■ **What is needed**
Would you copy the lines below exactly and omit the images?

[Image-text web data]
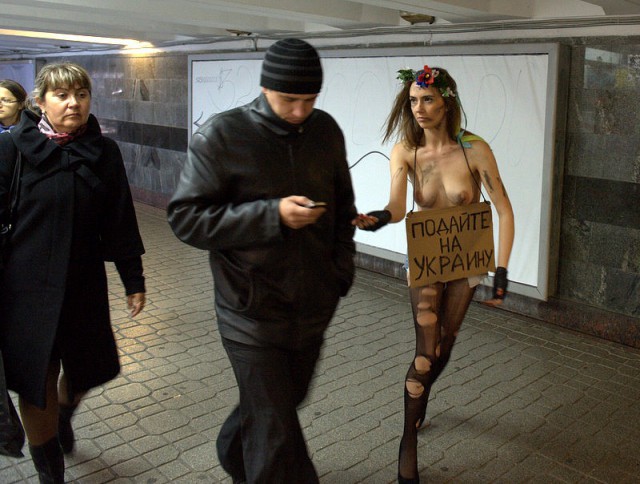 Попрошайка в подземном переходе.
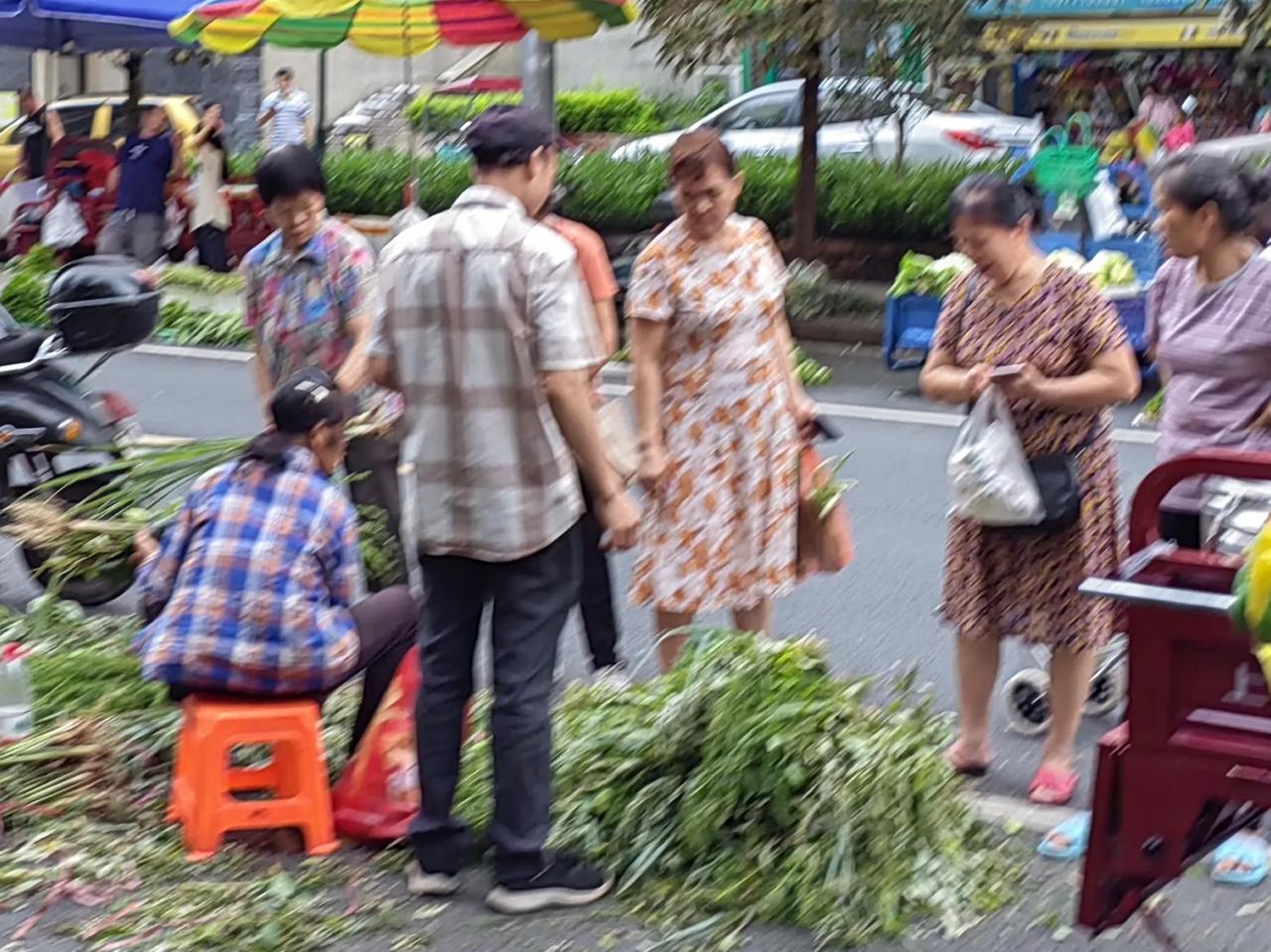 像抢钱一样！
瞬间被抢光了！
附近摊位，吃穿用都有。
但，人气都不如它！

一大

■ **Answer section**
 Попрошайка в подземном переходе.
 像抢钱一样！
瞬间被抢光了！
附近摊位，吃穿用都有。
但，人气都不如它！

一大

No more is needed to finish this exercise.